Below are some records. Return exactly their lines from the one containing "豊富に在庫を取り揃えています" through the one containing "PowerSlave Exhumed - Image 2", and drop the pictures.

DATA SECTION:
________

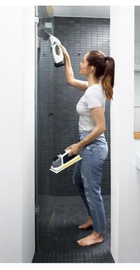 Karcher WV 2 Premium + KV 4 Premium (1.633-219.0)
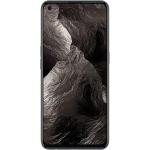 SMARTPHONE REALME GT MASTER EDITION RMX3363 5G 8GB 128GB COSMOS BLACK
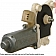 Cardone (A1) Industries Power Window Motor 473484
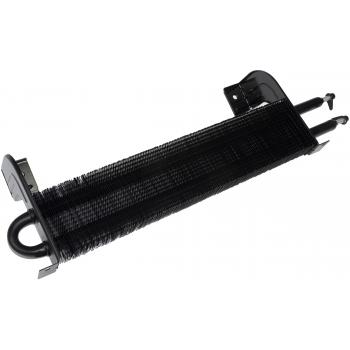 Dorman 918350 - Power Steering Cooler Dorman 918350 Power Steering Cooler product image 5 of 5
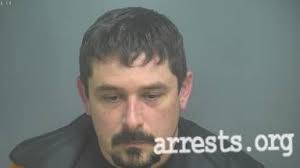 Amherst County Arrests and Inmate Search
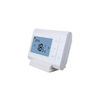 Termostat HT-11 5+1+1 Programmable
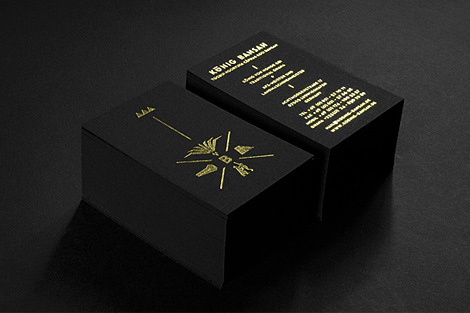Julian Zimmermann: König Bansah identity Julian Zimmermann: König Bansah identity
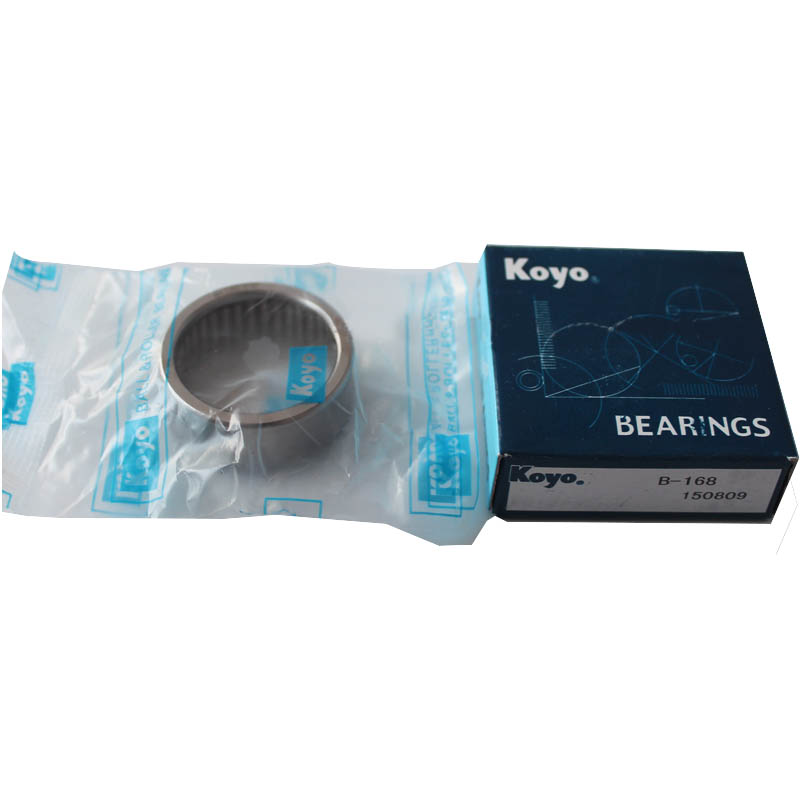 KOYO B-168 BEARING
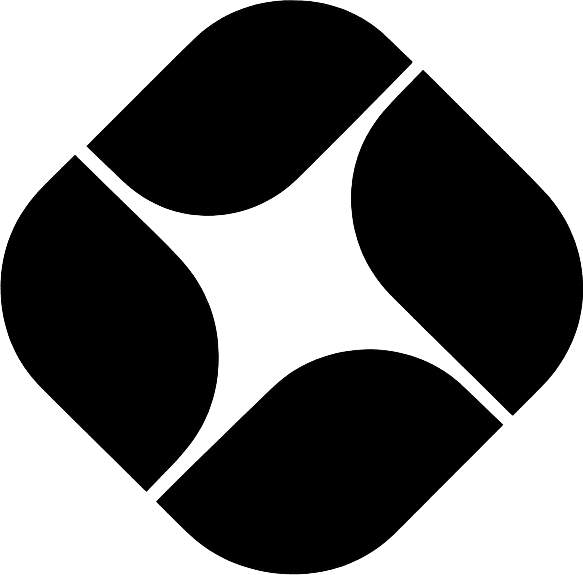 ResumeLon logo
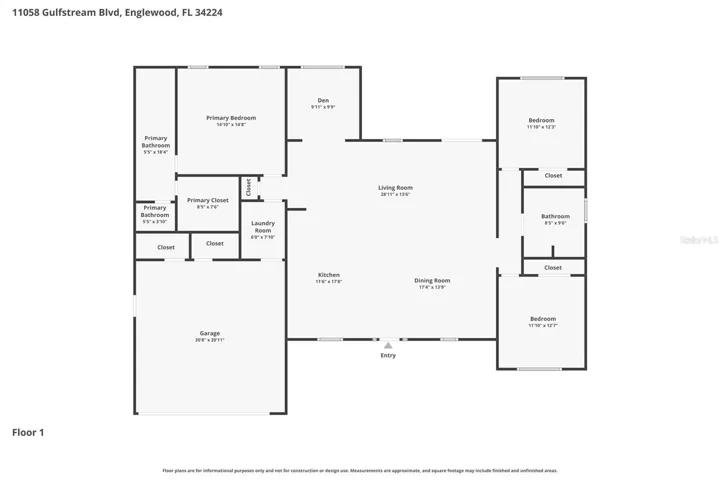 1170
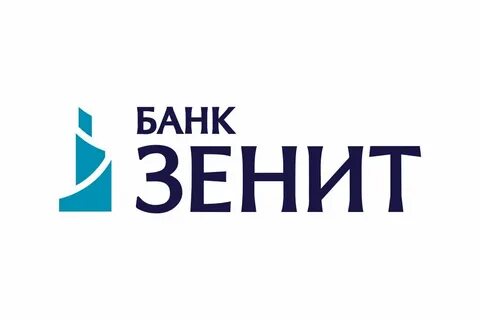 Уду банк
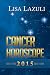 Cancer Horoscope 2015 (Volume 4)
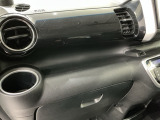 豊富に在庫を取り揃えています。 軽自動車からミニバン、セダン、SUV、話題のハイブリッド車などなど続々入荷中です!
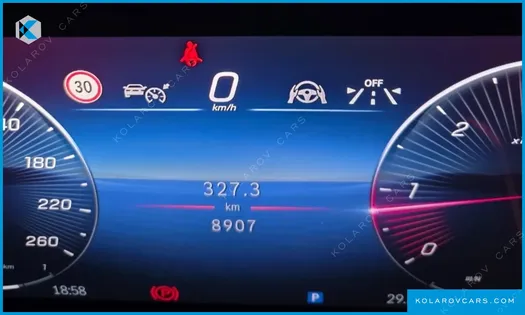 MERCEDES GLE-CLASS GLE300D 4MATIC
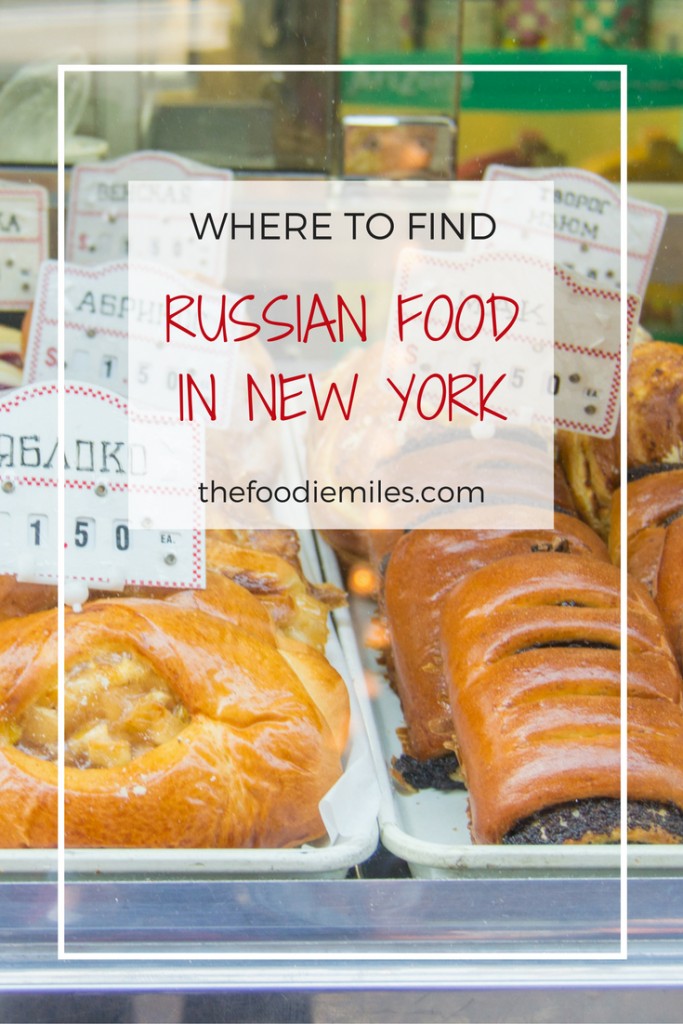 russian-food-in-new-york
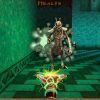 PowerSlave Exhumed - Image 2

________

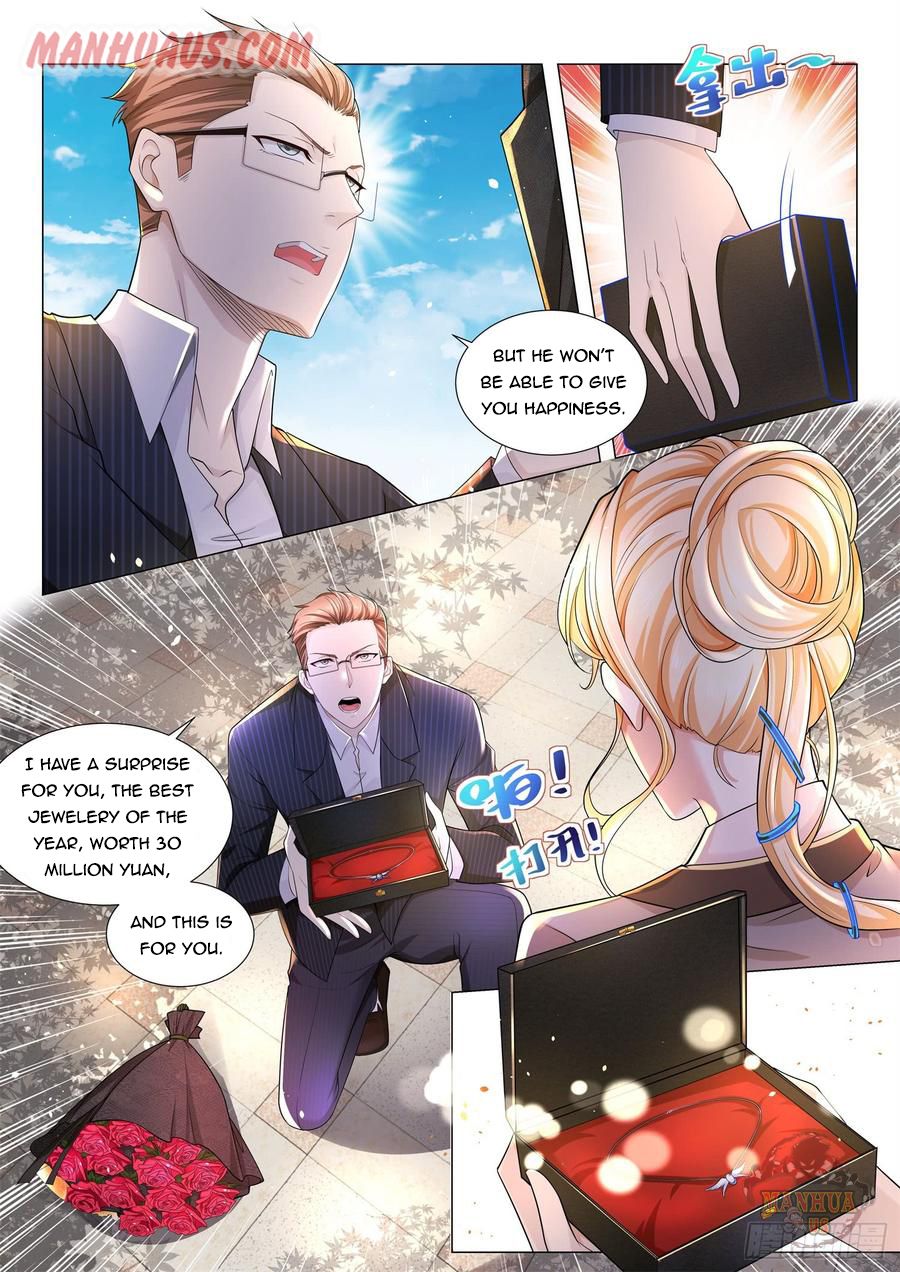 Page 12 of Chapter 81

________

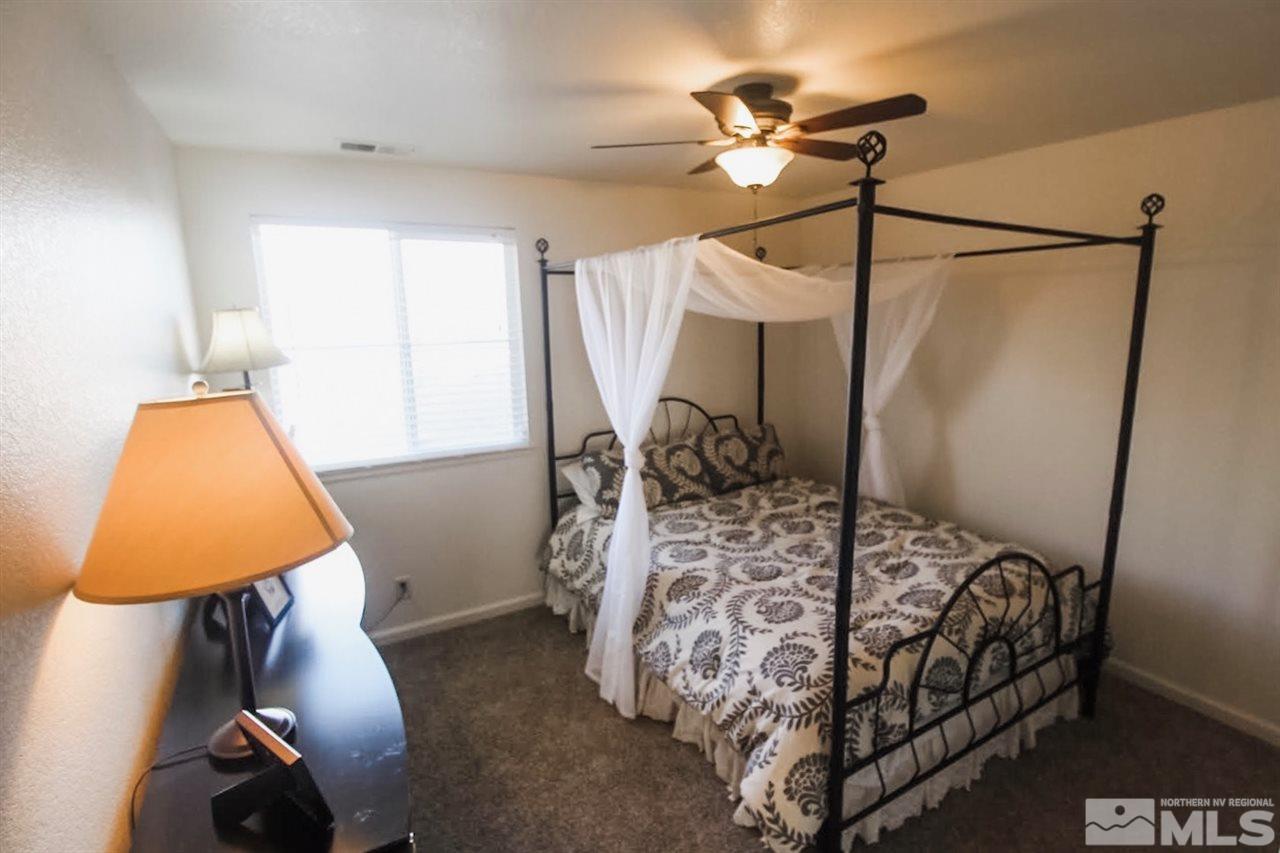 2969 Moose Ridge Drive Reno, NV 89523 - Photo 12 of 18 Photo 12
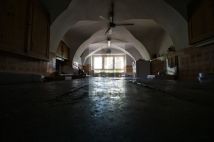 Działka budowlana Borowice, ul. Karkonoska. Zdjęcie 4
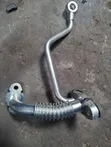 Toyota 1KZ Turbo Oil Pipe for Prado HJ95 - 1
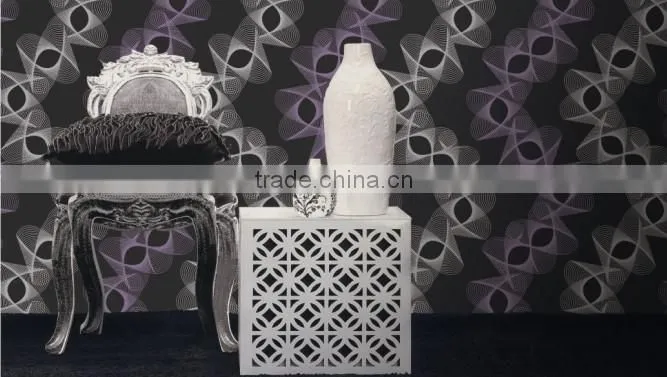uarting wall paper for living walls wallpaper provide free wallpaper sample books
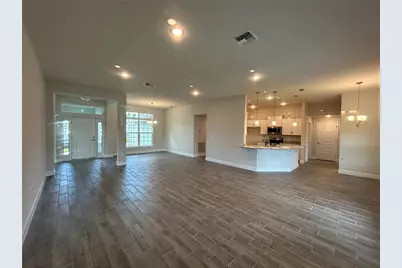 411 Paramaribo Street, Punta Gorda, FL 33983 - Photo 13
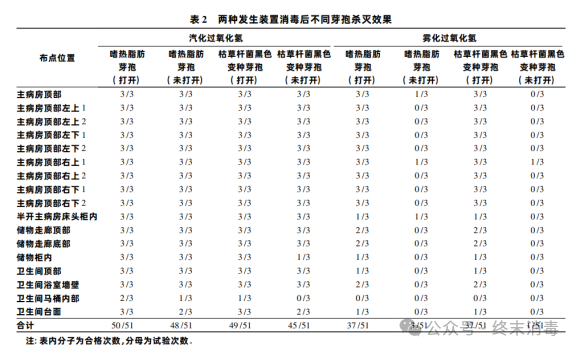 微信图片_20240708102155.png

________

EXERCISE RESULT:
 豊富に在庫を取り揃えています。 軽自動車からミニバン、セダン、SUV、話題のハイブリッド車などなど続々入荷中です!
 MERCEDES GLE-CLASS GLE300D 4MATIC
 russian-food-in-new-york
 PowerSlave Exhumed - Image 2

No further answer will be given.